Precision, accuracy and recovery
The intraday assay precision and accuracy were estimated by analysing five replicates on the same day at three different quality control (QC) levels, i.e., 9.76, 2.44 and 0.98 mg l−1 for plasma; 7.808, 1.952 and 0.488 mg l−1 for hepatic samples; 3.904, 0.976 and 0.244 mg l−1 for kidney samples; and 2.928, 0.976 and 0.195 mg l−1 for prostatic samples. To determine interday precision, the QC samples listed above were analysed in duplicate for 5 days. The intra- and interassay precision was determined by analysing the three QC sample levels from different samples on three different runs. The criteria for acceptability of the data included accuracy of within ±15% standard deviation (s.d.) from the normal values and precision of within ±15% relative standard deviation (RSD), except for LLOQ, for which a ±20% accuracy and precision should not be exceeded. The recovery of an analyte extracted from the plasma and other samples was determined by comparing the response of the analytes extracted from replicate QC samples (n=5) with the response of the analytes from aqueous standard samples at equivalent concentrations. As above, the recovery of levofloxacin in different samples was determined at QC low (L), medium (M) and high (H) concentrations.
Stability experiments
The stability was estimated by analysing three replicates at two different QC levels, i.e., 9.76 and 0.98 mg l−1 for plasma, 7.808 and 0.488 mg l−1 for hepatic samples, 3.904 and 0.244 mg l−1 for kidney samples and 2.928 and 0.195 mg l−1 for prostatic samples. The short-term stability of the levofloxacin in the plasma and other samples was studied under the following two experimental conditions: after storage in a centrifuge tube (22 °C±3 °C) for 12 and 24 h and after five freeze–thaw (FT) cycles within 30 days.
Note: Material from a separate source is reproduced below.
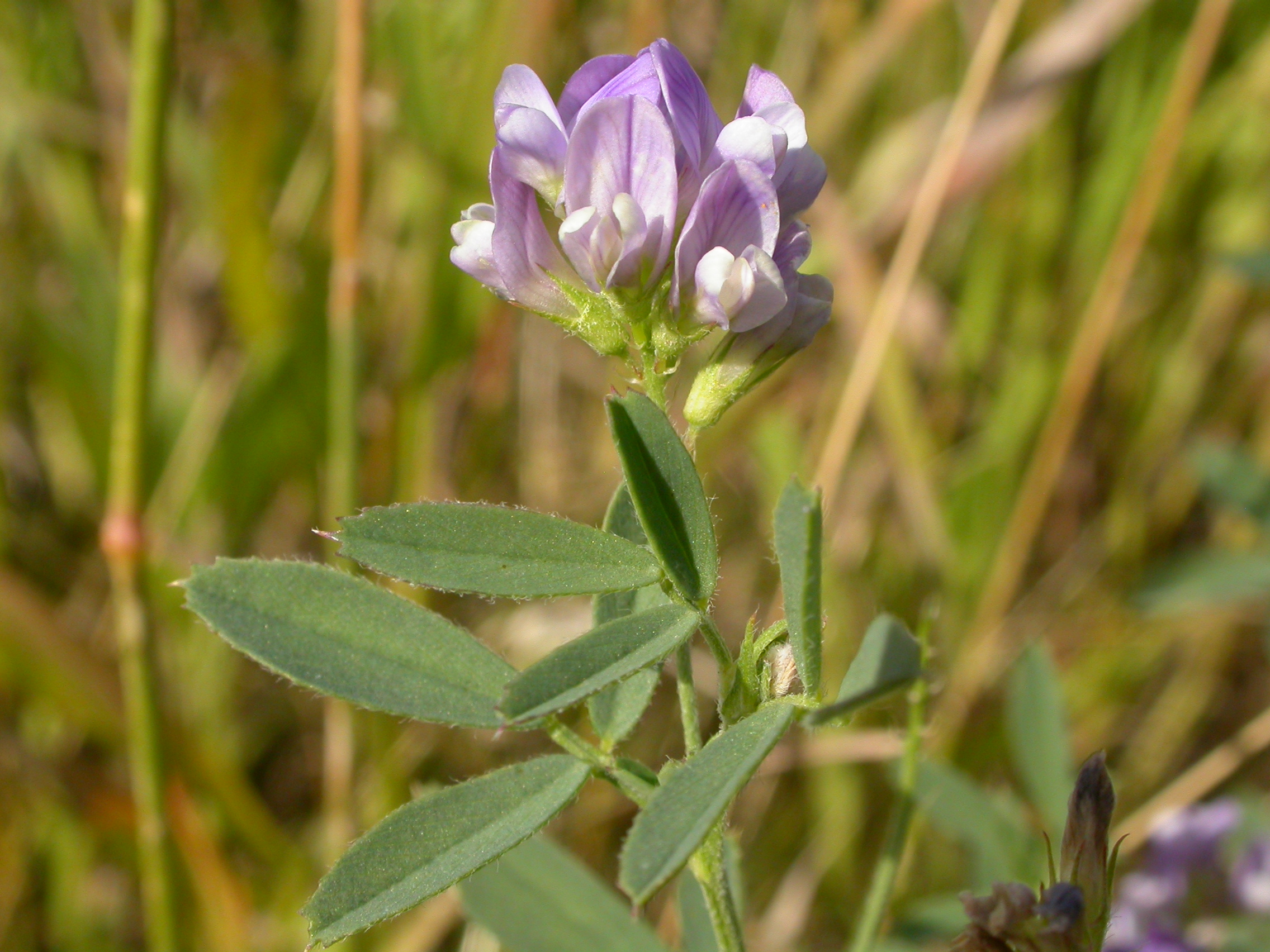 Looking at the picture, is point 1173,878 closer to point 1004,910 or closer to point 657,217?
point 1004,910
The stability of the samples in the centrifuge tubes at different times was tested according to the following procedure: a total of nine extracts of each QC sample were prepared, of which three were analysed immediately, three were analysed 12 h later and the last three were analysed 24 h later. Stability was then determined by comparing the concentration of the first three analysed samples with those of the second three samples and the last three samples through statistical data analysis. Furthermore, FT stability was determined using the commonly accepted procedure. After three FT cycles, the samples were compared with regularly analysed samples with the same amount of analyte.
Statistical analysis
The pharmacokinetic parameters of the two groups were calculated with the 3p97 software program (purchased from the Association of Pharmacology and Mathematics, Beijing, China). Quantitative data were analysed by t-tests using SPSS (Statistical Package for the Social Sciences) 17.0, with P<0.05 considered statistically significant.
Results
Pathological study
In normal prostatic glands, the alveoli were regular with a thin interstitium. Glandular epithelial cells were cubic or columnar and well arranged. There were stained secretions in the glandular cavity, but no oedema or infiltration by inflammatory cells was found (Figure 1a). Acute inflammatory changes in the prostatic tissues were noted 5 days after E. coli injection. We observed some inflammatory cells in the prostatic glandular cavity, and the glandular structure was intact. Interstitial oedema and infiltration by inflammatory cells were obvious. Interstitial vascular dilatation and congestion were also present (Figure 1b).
Figure 1.
Pathology of prostatic tissue sections. Light microscopy shows prostatic tissue sections. (a) In normal prostatic gland, alveoli were regular with thin interstitium. Glandular epithelial cells were cubic or columnar and well arranged. There were stained secretions in glandular cavity but no oedema or infiltration by inflammatory cells. Hematoxylin and eosin (H&E) stained, scale bar = 200 μm. (b) Prostatic tissue acute inflammatory changes 5 days after E. coli was injected. Some inflammatory cells were in prostatic glandular cavity but glandular cavity and epithelium were structurally intact. Interstitial oedema and infiltration by lots of inflammatory cells, as well as interstitial vascular dilatation and congestion were observed. H&E stained, scale bar = 200 μm.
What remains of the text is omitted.